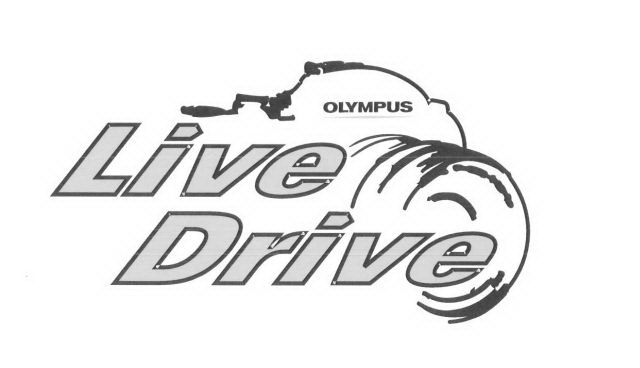 Trademark Logo OLYMPUS LIVE DRIVE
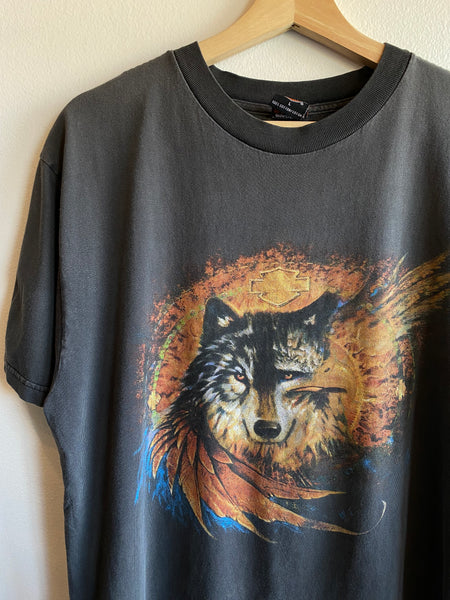 Vintage 2000 Pikes Peak Harley Davidson T-Shirt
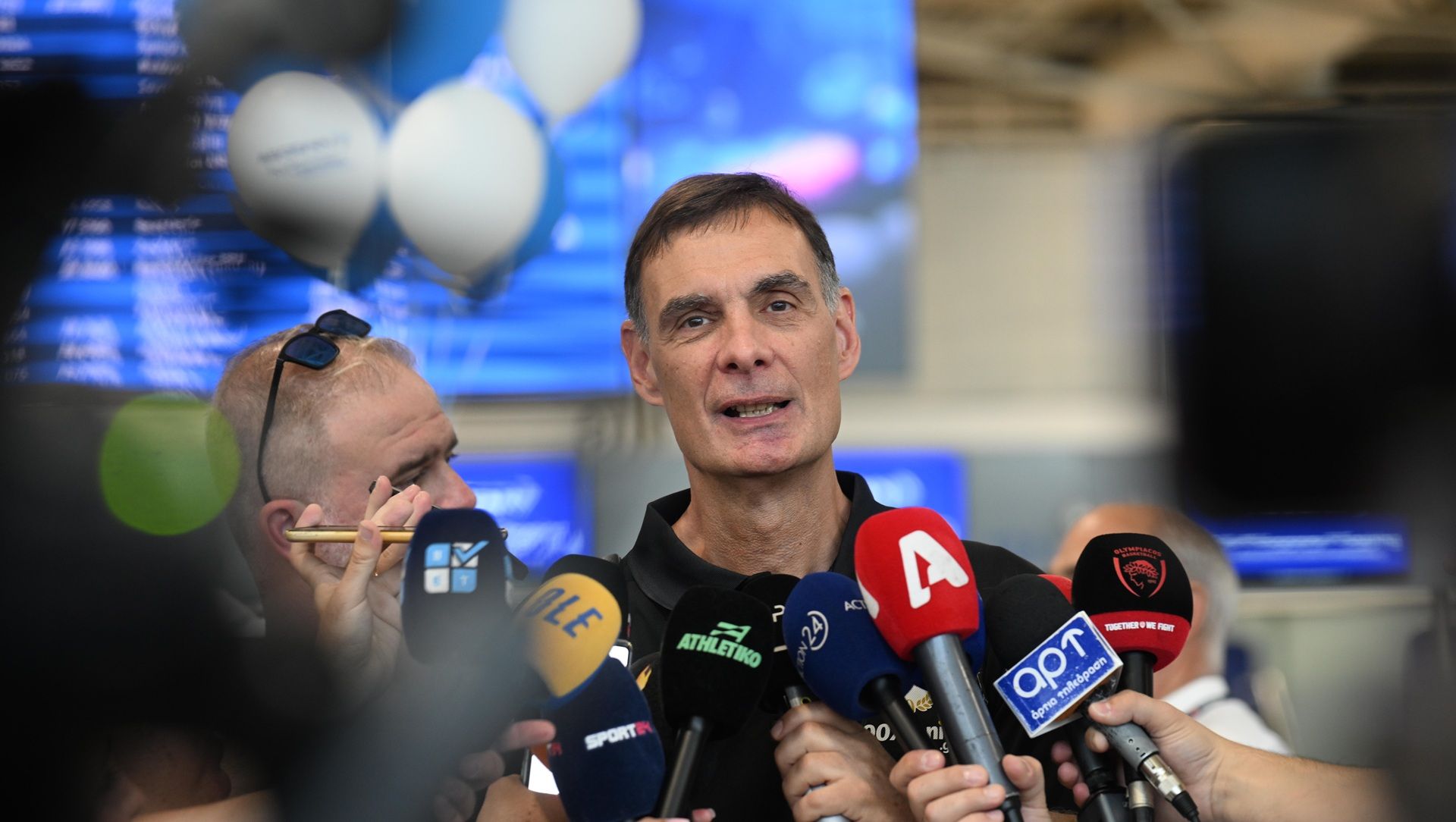 Οι δηλώσεις των Μπαρτζώκα - Παπανικολάου ενόψει Final 4 (vid)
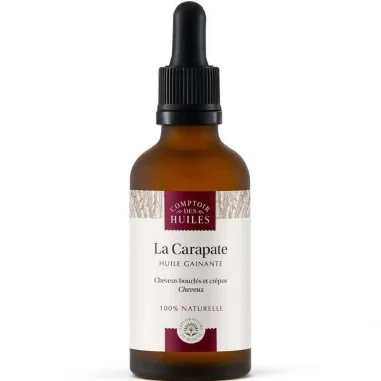 Huile de Carapate Cheveux - Pure & Naturelle - COMPTOIR des HUILES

WHAT YOU HAVE TO DO =>
Set the whole listing down again unchanged, apart from the pictures, which are omitted.

REPLY =>
 Trademark Logo OLYMPUS LIVE DRIVE
 Vintage 2000 Pikes Peak Harley Davidson T-Shirt
 Οι δηλώσεις των Μπαρτζώκα - Παπανικολάου ενόψει Final 4 (vid)
 Huile de Carapate Cheveux - Pure & Naturelle - COMPTOIR des HUILES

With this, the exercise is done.